The problem with the Substack revolution
Matt Yglesias is leaving Vox to start his own Substack blog. There is part of me that really likes this -- my preference would be to get off social media and return to the blog glory days of the late aughts. I've tried doing it a couple of times, but I always fail to stick with it -- partly because people are on social media instead of blogs, and it gets to feeling very lonely around here.
I'll subscribe to Yglesias' free tier. But I won't spend money on him, or Andrew Sullivan, or Matt Taibbi or any of the other, um, independent thinkers who have abandoned big publications in the last year or so to strike out on their own for Substack and its subscription model.
My subscription dollars are finite.
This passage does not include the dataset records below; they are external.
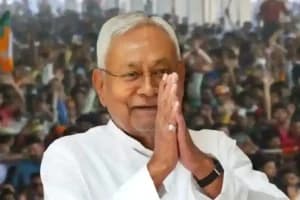 बिहार में सियासी हलचल तेज: आज इस्तीफा देंगे CM नीतीश कुमार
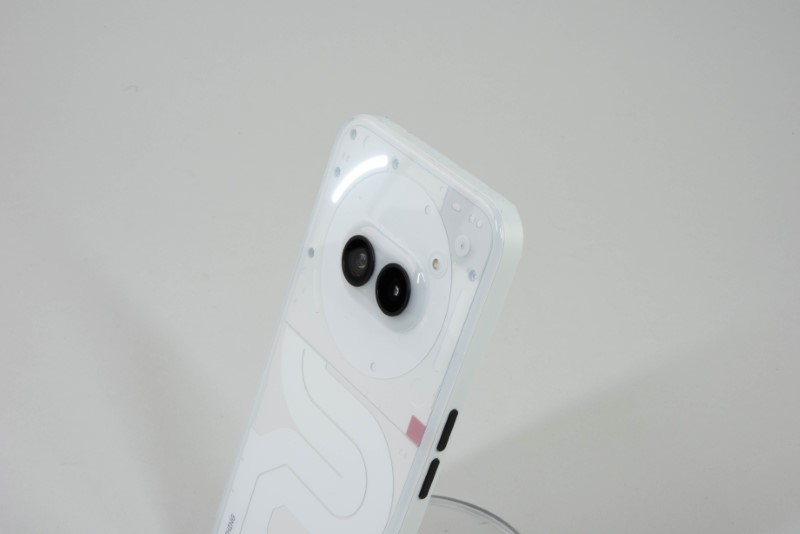 独特で優れたデザインのNothing Phone（2a）、おサイフケータイ対応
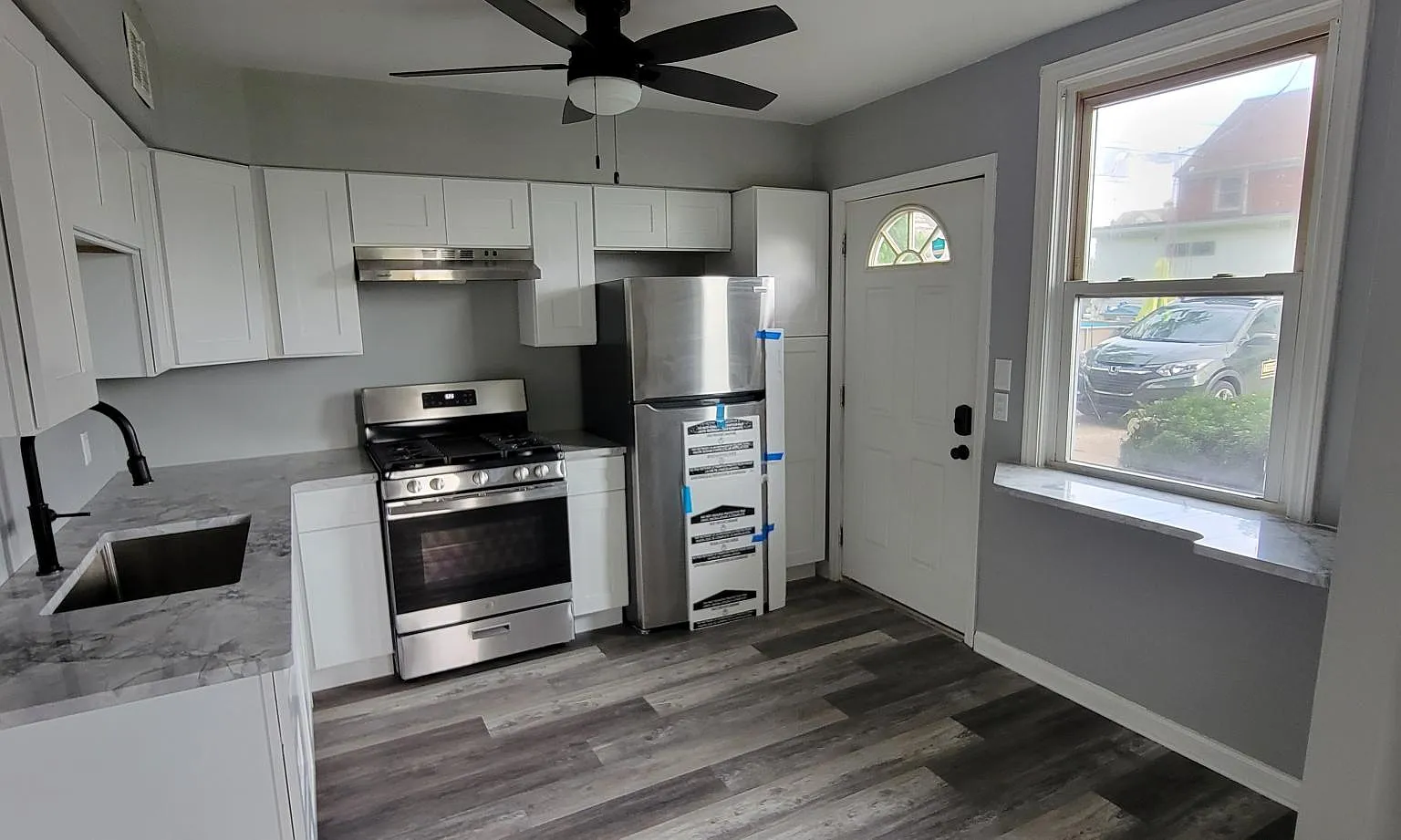 2120 Russell Ave — Photo 2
So I have to make them work efficiently. Which means they'll go to publications where I can get news and multiplicity of voices. I simply can't afford to support every writer I want to read who decides to strike out on their own. I can't imagine I am the only person in this position.
And this strikes me as a problem, both for the writers and the larger discourse.
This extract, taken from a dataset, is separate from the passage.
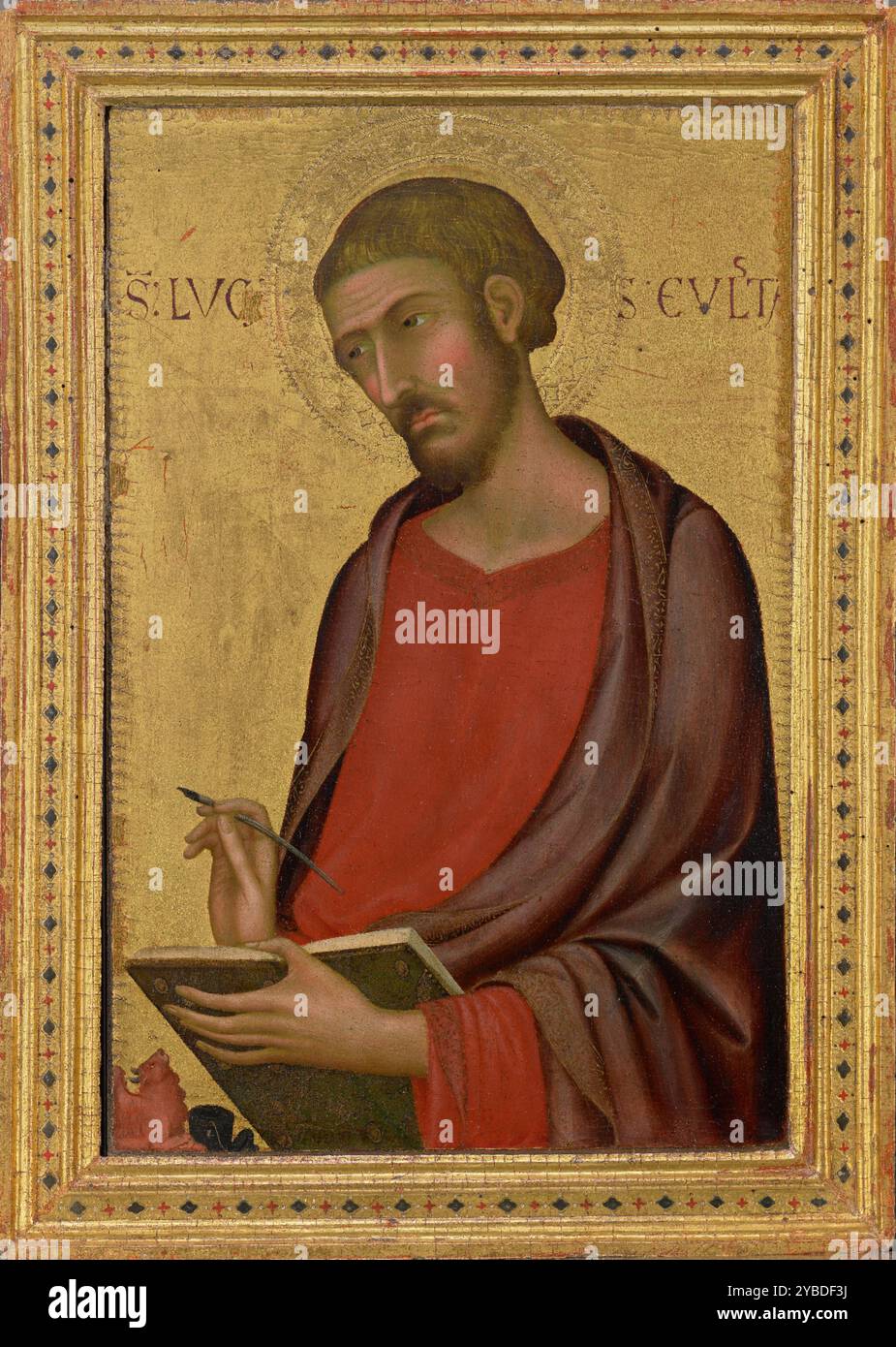 St. Lukas (Anfang der 1330er Jahre?) Weitere Informationen: Der heilige Lukas, einer der vier Evangelisten, wird in der Akte des Schreibens seines Evangeliums gezeigt. Sein Halo besteht aus aufwändig geschmiedeten Lochen, die durch leichtes Klopfen von Metallstanzwerkzeugen auf einen Hintergrund mit Blattgold hergestellt werden. Sein ruhiges Gesicht wird in kleinster Detailgenauigkeit dargestellt, wobei jedes Haar seines Bartes sorgfältig beschrieben wird. Die Modellierung in den Falten seines purpurnen Mantels, die durch subtile Farbabstufungen mit feinen Pinselstrichen erreicht wird, ergibt eine rhythmische Eleganz. Diese Merkmale tragen zu dem charakteristischen allgemeinen Verhalten der Raffinesse bei Stockfoto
A number of observers have already noted that rise of newspaper paywalls, while absolutely necessary to sustaining what's left of the news media, is a problem for democracy. You can get all the misinformation you want for free, but it increasingly takes cash to get reported, reliable news. Somebody's got to pay for the reporters, writers and editors -- but that means that people who can't or won't pay for that news are vulnerable to misinformation.
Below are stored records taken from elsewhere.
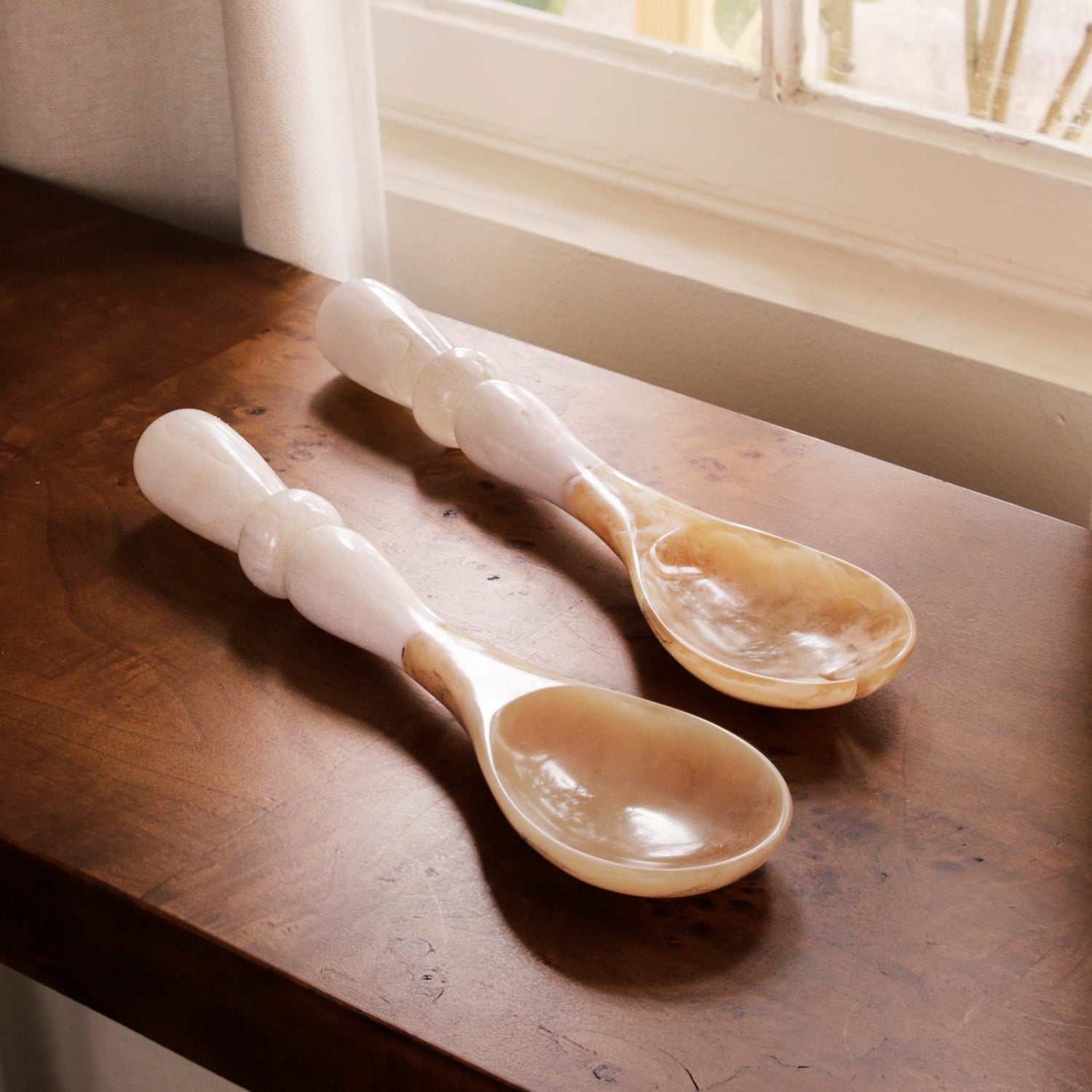 resin-alabaster-salad-servers-white-swirl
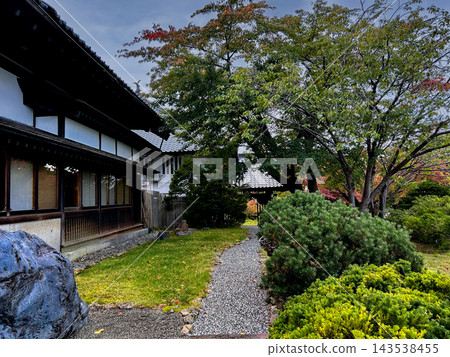 北海道小樽市銀鱗莊(豬又康之丞故居)庭園,秋天 北海道小樽市銀鱗莊(豬又康之丞故居)庭園,秋天 143538455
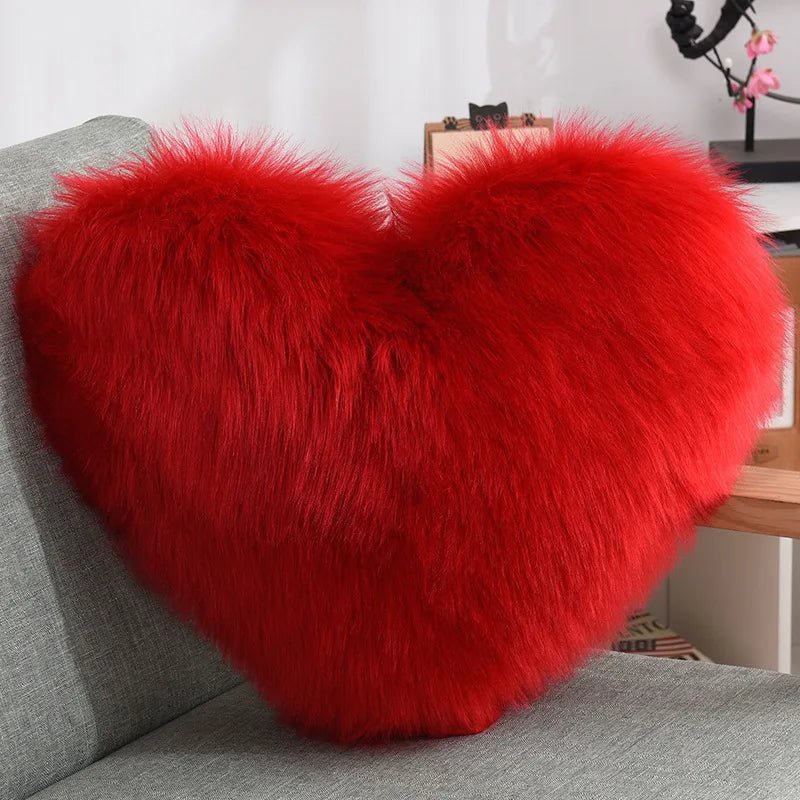 Myk hjerteformet fluffy sofa pute i myk polyester | Skanto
Similarly, if -- as appears to be the case -- somewhat independent writers increasingly feel uncomfortable or unable to exist within the framework of a larger publication where their coworkers don't all love their views, and they follow Yglesias et al to Substack and its paywall, it might also be the cases their voices go missing from the national conversation. It'll be easy not to pay to hear ideas you don't want to hear, and if you don't pay, it's less likely you'll be forced to encounter them.
I don't love everything about Yglesias, Sullivan or Taibbi, but it is also true that the three have done valuable work over the years. People are complicated! And sometimes it's good to have complicated people complicating the discourse, even if it's also irritating. It worries me that the complications are disappearing behind a paywall.